Trastevere and Aventino, Testaccio, Celio and Piazza Venezia
Trastevere was one of the working-class neighbourhood of Rome in the past and has become in time place famous for its traditions, arts and typical roman food. Its alleys are full of shops, restaurants often with outdoor-street tables, bars and stalls with every genre of products. The Aventino area is one of the most requested and characteristic areas of Rome, very well connected, very close to Metro line B, several trams & bus lines, railway station Ostiense and also easily reachable by extra-urban transportation leading to the seaside or other peripheral areas. Apartments in this area are elegant and often small in size, with just a few exceptions (most of them just have one master bedroom and a maid’s room, with no living room but quite large kitchen). One of the main reasons why Aventino area is so sought after is also because is the site of the outstanding building of FAO International Organization, where many expats work.
Also Testaccio (that’s close to Aventino area) was a working-class neighborhood in the past and, contrarily from Trastevere, it still preserves the folk atmosphere and old traditions of its market, one of the most well-known markets of Rome, Piazza Testaccio. The access to the city centre is very easy as Testaccio district is actually located between river Tevere (Trastevere is on the opposite side of the river at only 20 minutes’ walk), Piazza Venezia (5-10 minutes by bus) and San Giovanni.
The shopping streets of the city centre with Via Nazionale, Piazza della Repubblica, Via Cavour, Corso Vittorio Emanuele, via del Corso and Via dei Serpenti are some of the most famous streets for shopping. Elegant apartments in the above-mentioned areas are expensive due to the high demand and because the above-mentioned streets are really close to the old, historic city centre. The new city centre doesn’t offer many houses, as it was developed during the years of the strong urbanization, so it is common to find apartments (generally of small sizes), elegant and really expensive; their prices are also affected by the proximity of the metro A and B stops (stops Spagna, Flaminio, Cavour and Colosseo).
The area named “Celio” (the name is taken from one of the Roman hills), is at about 1 km from the Coliseum. It is a small, elegant and quiet, near San Giovanni, very well serviced with small shops and supermarkets, as well as other useful shops here and there. Apartments in this area have various sizes, but they do not usually exceed 110 sqm and they are usually quite pricey.
Navona area and Campo de’ Fiori are both the main squares located in between Roman Forum and the river Tevere. Apartments in these areas are usually small in size (there are just a few that are bigger than 80 sqm.), and prices may vary, starting from 1.400 Euro/month for a small one. Spanish Steps do not need any presentation. It is the best option for people wishing to be in the heart of Rome near the best shops and the historic Rome represented by its monuments and its central alleys. The charm of the area makes apartments quite expensive: depending on the size, it is quite common to find apartments to rent for about 5.000 Euro/month. The area is very well connected by public transportation.
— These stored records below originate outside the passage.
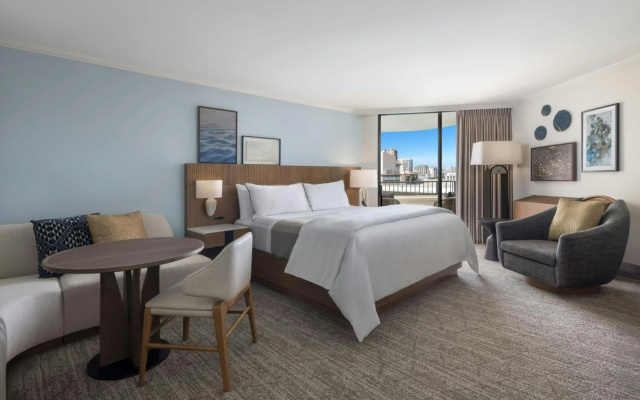 Moana Surfrider, A Westin Resort & Spa, Waikiki Beach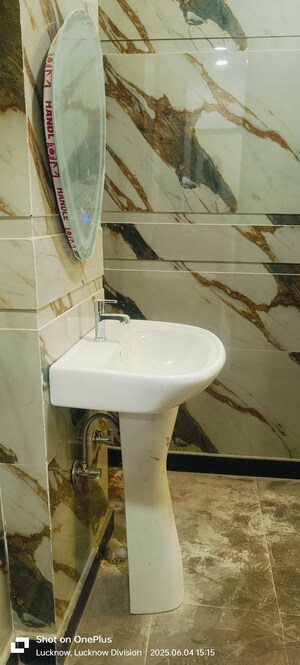 Bathroom in 6+ BHK Villa at Gomti Nagar – for Sale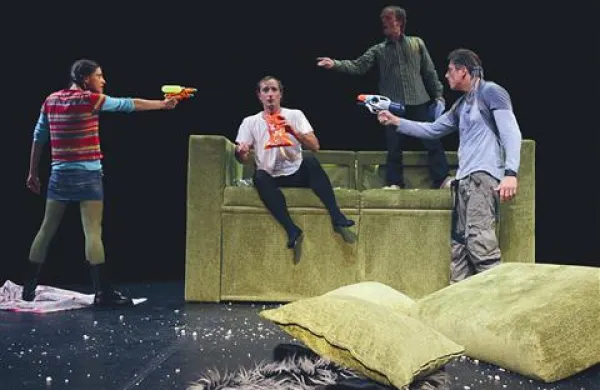 Medea Novak, Blaž Valič, Rok Matek in Igor Štamulak v predstavi Grozni Gašper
Piazza Venezia represents the central hub of Rome historic city centre and is located in between Roman Forum and the Coliseum, Termini Central Station, via del Corso, Capitoline hill and Circo Massimo, Corso Vittorio Emanuele which leads to Navona area and Vatican City. This area is in a very strategic position close to city centre. The downside is the noise, as the square is heavily congested day and night.
Areas in proximities of the city centre
Prati, Castel S. Angelo and San Pietro, Aurelio
The Vatican districts Prati and Vaticano are considered to be centreed located, walking distance from Flaminio or Corso Vittorio Emanuele, which are reachable by simply crossing the river Tevere. Apartments in these areas can be expensive because of their proximity to the Vatican, but they are not so expensive as in the city centre, representing a good compromise. The area is very well serviced by public transportation, with several bus lines and the metro line A that connects them to the historic city centre.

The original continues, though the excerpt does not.